Saturday, June 9, 2012

Lions and Tigers and Bears (Oh My)!

So, this week LinkedIn, eHarmony and Last.FM all had their user password databases hacked. I was potentially affected by the first and by the last. Being married and not overly a fan of eHarmony's working-model, at any rate, I'm not a member of their site.

It used to annoy me when web sites forced you to login with your registered email address rather than your userid. To be honest, I've come to the point where I'd rather they only allowed you to use your email address as your login token. It raises the bar on brute-forcing your account, that way. Not only does an attacker need to guess your password (and I'm generally a fan of four-class pass-phrases), they need to guess your email address, as well (and email addresses tend to be much longer than userids, at any rate).

Granted, if attackers have breached an entire site via the back-end and dumped out the entire user list, they have access to your email address. And, if you use the same email address and password-pair across multiple sites, you're still fairly boned. Fortunately, that's not the case for me. I use unique addresses for each site I register with. So, just because the LinkedIn and Last.FM attackers have my authentication credentials to those two sites, they don't have my credentials to other sites - even if I happened to use the password component across more than one site.

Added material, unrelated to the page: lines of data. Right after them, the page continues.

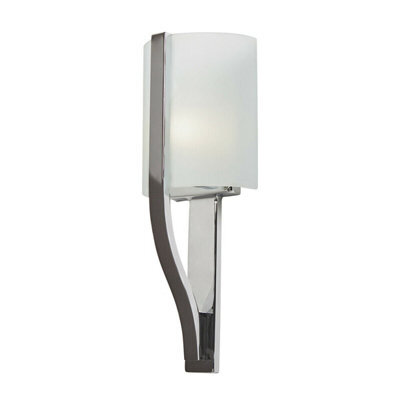 Stylish Ip44 Wall Light With Clear Etched Glass And Polished Chrome Finish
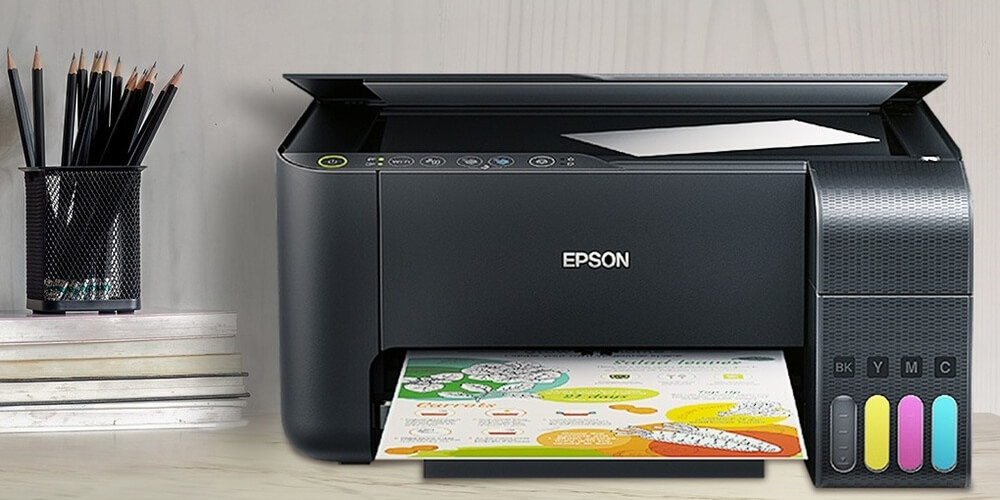 Epson EcoTank L3250 em cima da mesa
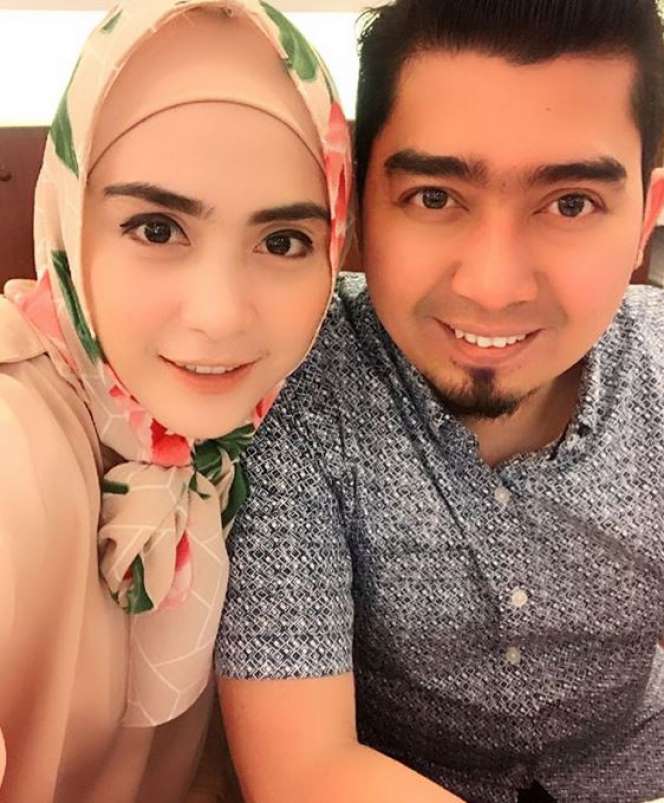 April Jasmine, Istri Ustaz Solmed yang Selalu Tampil Stylish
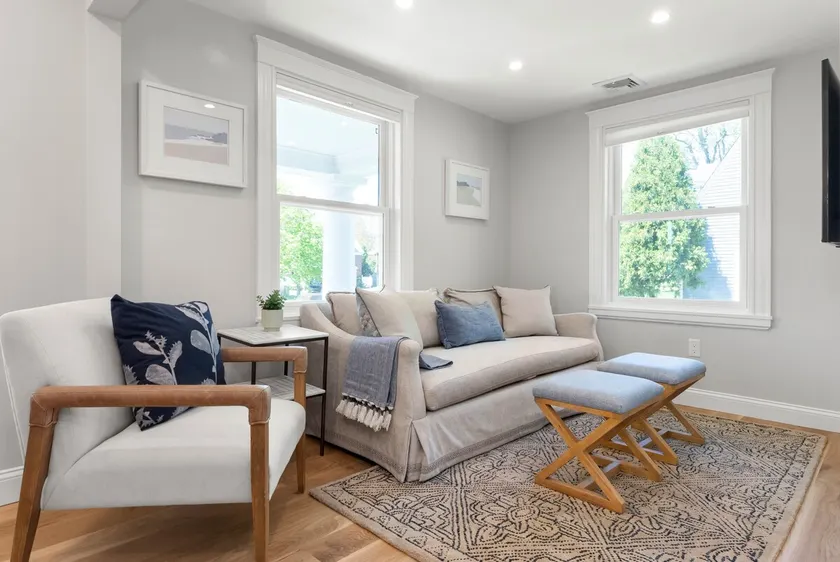 Beautifully Furnished, Centrally Located 2BR - Image 1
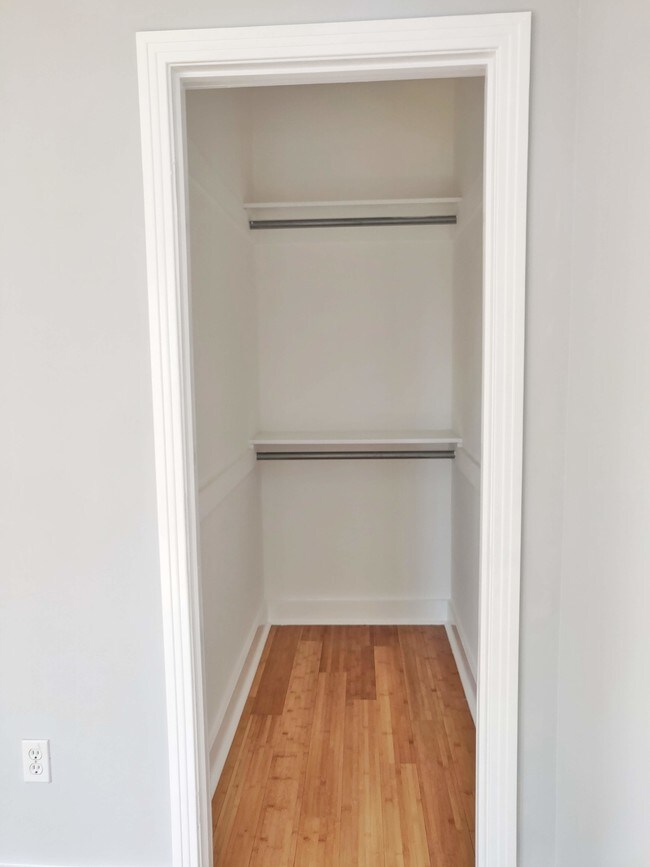 Foto del edificio - 5139 Melrose Avenue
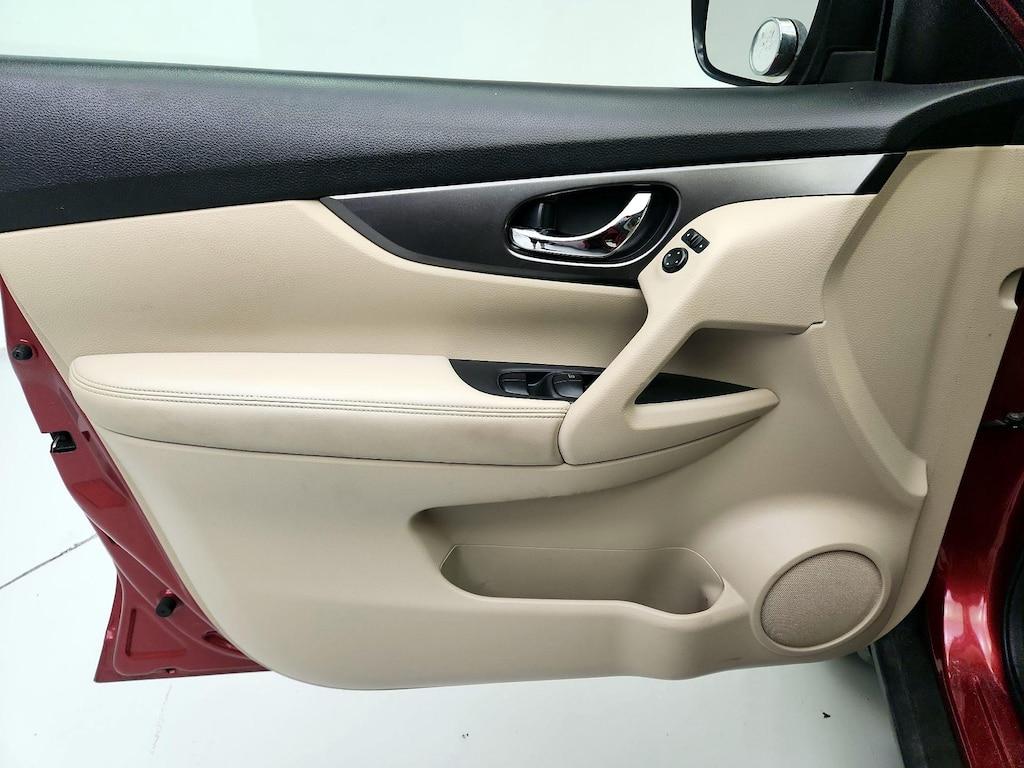 used 2016 Nissan Rogue car, priced at $13,998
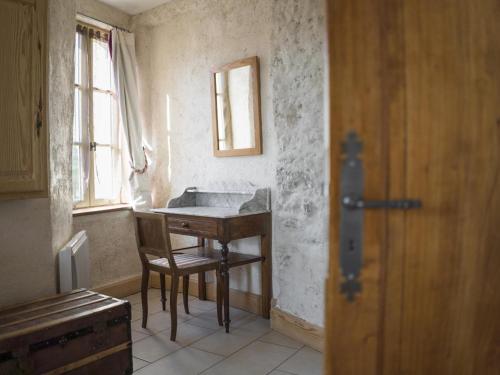 a bathroom with a desk and a sink in a room at Charmante maison rénovée, 4-5 pers., jardin clos, près de Charroux et Ebreuil. Draps inclus, animaux OK - FR-1-489-181 in Saint-Bonnet-de-Rochefort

Overall, one of the easiest ways to create unique email addresses is to do a "+TOKEN" email address. Sites like gmail support adding a "+token" to your base email address and still have resultant emails delivered to the base address. As an additional bonus, you can set up delivery-rules to automatically process such emails based on the original target address. Unfortunately, many of the websites I visit consider "ferricoxide+TOKEN@gmail.com" to be an invalid email address. This is just about as annoying as websites that limit me on the password string-length and on the characters I can use. C'mon, guys, this is 2012, not 1992. It's a different security environment out there and you should be doing everything you can to foster good security habits in your users - not hamstring them (this goes double for banks who seem to be the worst offenders with regard to forcing poor userid and password policies).